In Italia, la difficoltà dei rifugiati è quella di ottenere un documento, che in sostituzione del passaporto, possa essere valido per la richiesta dell’assistenza sanitaria, per la locazione di un alloggio o semplicemente per spostarsi in un altro paese.

Su questo terreno, con la stretta del governo sui migranti e una generale inadeguatezza della pubblica amministrazione, possiamo asserire che il soddisfacimento di alcuni diritti essenziali dei rifugiati diviene complicato a causa di “sottigliezze burocratiche”. Spesso gli ufficiali di anagrafe non riconoscono la ricevuta della richiesta d'asilo come documento sostitutivo di quello d'identità e il richiedente non può ottenere un domicilio ove essere rintracciabile, un codice fiscale per l'assistenza sanitaria. A volte capita che gli uffici preposti non sappiano che ai rifugiati spetta anche la previdenza sociale e che in materia di lavoro e contratti sono assimilabili ai cittadini italiani. In generale sussiste una carenza di informazioni.

Non solo il parlamento non ha provveduto ad uniformare la legislazione, ma la pubblica amministrazione risente di un eccessivo ritardo culturale rispetto al tema migratorio: il semplice dato che ancora pochi funzionari pubblici, negli enti locali, negli ospedali, in questura, abbiano padronanza di una lingua straniera dimostra quanto sia lunga la strada da percorrere.

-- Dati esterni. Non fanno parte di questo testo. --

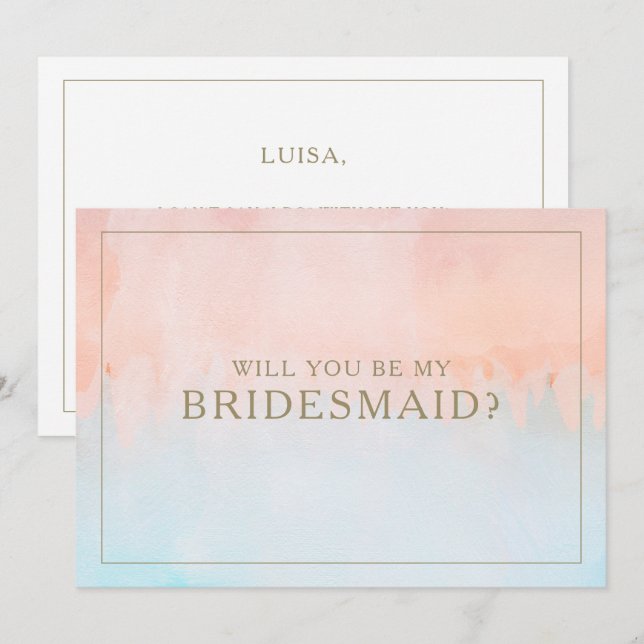 Summer Sunset Watercolor Bridesmaid Proposal Card (Front/Back)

Il decreto sicurezza introduce novità rilevanti: l'inasprimento delle procedure e delle sanzioni per i non italiani.
Le operazioni di respingimento dei migranti ad opera delle forze dell'ordine violano - come ha ribadito qualche settimana fa il Segretario Generale dell'ONU e il responsabile UNHCR per l'Italia - il divieto di refoulement (art. 33) e la stessa legge sull'immigrazione (diritto di richiedere asilo politico). Infatti un respingimento incondizionato dei barconi dei disperati, oltre che verso paesi in cui vengono chiaramente violati i diritti umani (come la Libia), non permette alle autorità di conoscere chi e perché cerca di entrare nel territorio dell'Unione. E impedisce di porre un discrimine netto tra l'immigrazione di soggetti dediti ad attività criminali e soggetti in fuga dalla violenza.
Per i richiedenti asilo si pone, inoltre, il problema dell'accoglienza e del contatto costante con gli uffici del ministero dell'interno. Trovare un domicilio, un sostentamento e curare la propria pratica per la richiesta dell'asilo sono problemi concreti che richiederebbero un intervento dello stato più strutturato.

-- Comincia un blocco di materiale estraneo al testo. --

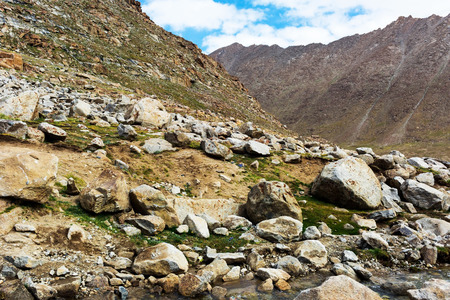 Natural landscape in Leh Ladakh, Jammu and Kashmir, Indiaの写真素材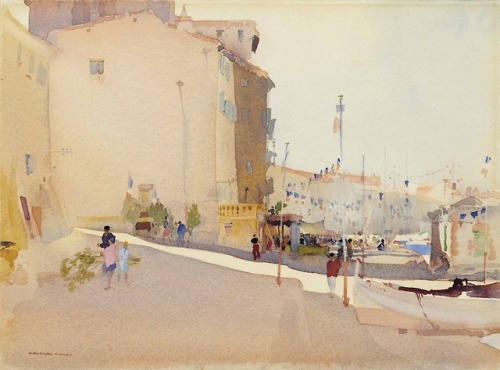 Sir William Russell Flint - Early morning preparations for a fête, St Tropez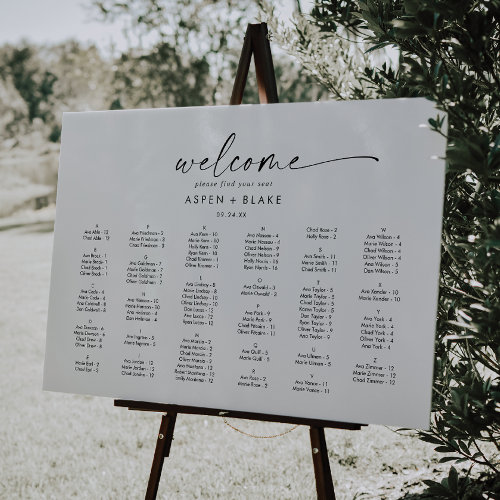 Modern Script Horizontal Alphabetical Seating Plan Foam Board
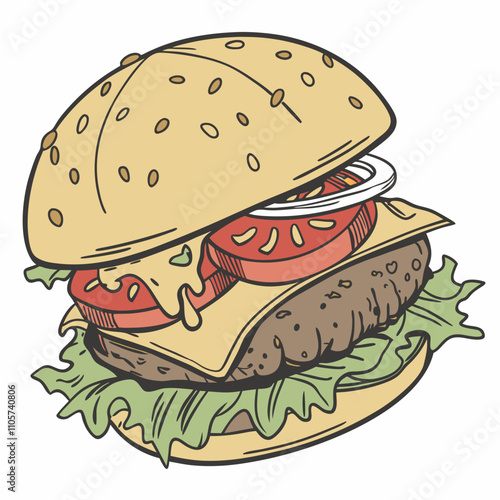 Fresh testy burger isolated on white background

Ma nonostante gli sforzi compiuti dalle cosiddette reti locali, risalta la debolezza della politica delle migrazioni in Italia. Tra il melting pot americano e l'assimilation francese l'Italia sembra aver scelto, fin da principio, una politica di trattamento burocratico dei migranti, delegando l'integrazione alla scuola, alla TV e alle reti di associazioni. Ciò vale per i migranti in senso lato, ma pesa soprattutto per i richiedenti asilo, verso i quali lo Stato ha assunto precisi impegni internazionali che invitano gli stati ad attuare una integrazione sostanziale dei rifugiati.

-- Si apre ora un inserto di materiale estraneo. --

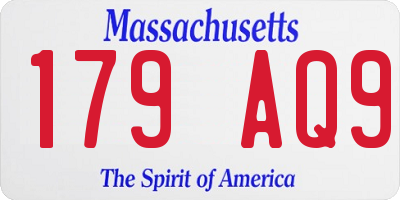 MA license plate 179AQ9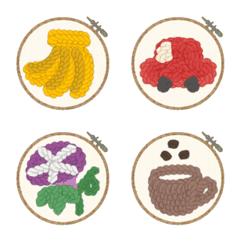 Embroidery style emoji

La Convenzione è ancora applicabile grazie al suo impianto in grado di prevedere diritti e doveri specifici ed elementari per i richiedenti asilo. Tuttavia andrebbe avviata una fase di riflessione e d'aggiornamento: se nel 1951 le principali cause di violenza sui cittadini provenivano dagli stati e dai loro apparati, oggi per effetto della globalizzazione e del cambiamento climatico ci si dovrebbe chiedere se ci sono altri fenomeni che possono o meno conferire il diritto di richiedere asilo presso altri paesi. Chernobyl, o Katrina, la violenza dei cartelli della coca colombiani, o delle bande della mafia russa, il lavoro minorile nel sud-est asiatico o i disastri ecologici imputabili alle multinazionali: questi fenomeni possono essere considerate “giustificati timori di persecuzione”, come recita la Convenzione? Un maggiore sforzo nella cooperazione internazionale potrebbe già costituire un impegno a rimuovere le cause che spingono all'esodo migliaia di uomini dai vari Sud del mondo.

Ma non ci è dato sapere se questo governo abbia letto la Convenzione di Ginevra.